ZAPORIZHZHIA, Ukraine, May 4 (Reuters) - The European Union is expected to outline oil sanctions against Russia on Wednesday as its forces pounded targets in eastern Ukraine, unleashing rockets on a steel plant that is the last redoubt of resistance in the port city of Mariupol.
Scores of evacuees who managed to leave the city under U.N. and Red Cross auspices reached the relative safety of Ukraine-controlled Zaporizhzhia on Tuesday after cowering for weeks in bunkers beneath the sprawling Azovstal steel plant. read more
Weary-looking evacuees, including children and old people, clambered off buses after escaping the ruins of their home town in southeastern Ukraine where Russia now claims control.
"We had said goodbye to life. We didn't think anyone knew we were there," said Valentina Sytnykova, 70, who said she sheltered in the plant for two months with her son and 10-year-old granddaughter.
Russia is targeting Mariupol as it seeks to cut Ukraine off from the Black Sea and connect Russian-controlled territory in the south and east. Parts of the eastern regions of Donetsk and Luhansk were held by Russian-backed separatists before President Vladimir Putin launched the Feb. 24 invasion.
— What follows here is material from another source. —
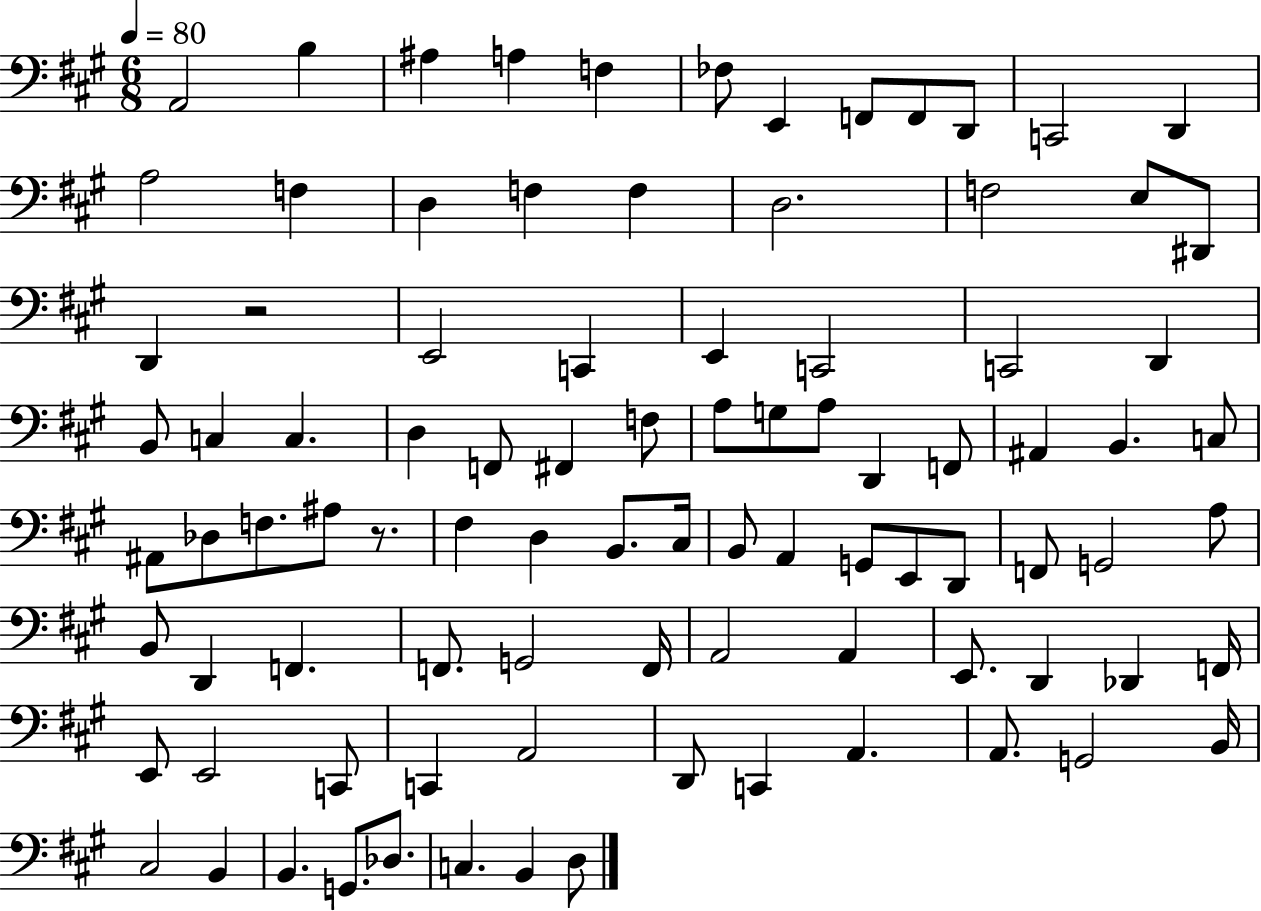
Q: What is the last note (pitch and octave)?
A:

More than 200 civilians remain in the plant, according to Mariupol Mayor Vadym Boichenko, with 100,000 civilians still in the city. "Where am I to go? Let them blow me up here," a 67-year-old woman told Reuters in the city, as she boiled water on an open fire amid the rubble of a destroyed apartment block.
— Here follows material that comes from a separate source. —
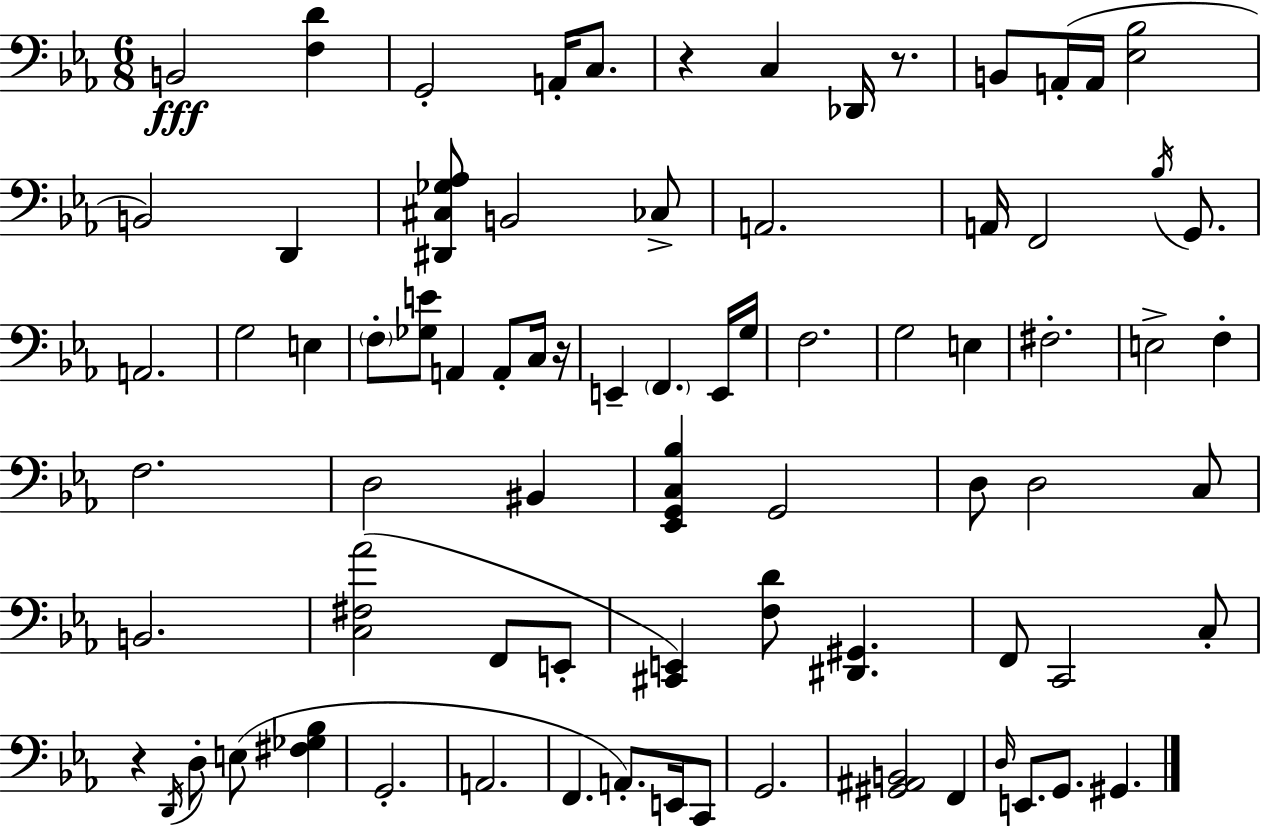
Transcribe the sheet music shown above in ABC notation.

Pummelled by Western sanctions, Russia now faces new measures from the EU that would target its banks and oil industry - a major step for European countries that rely heavily on Russian energy.
European Commission President Ursula von der Leyen is expected to spell out the proposed new sanctions on Wednesday, including a ban on imports of Russian oil by the end of this year.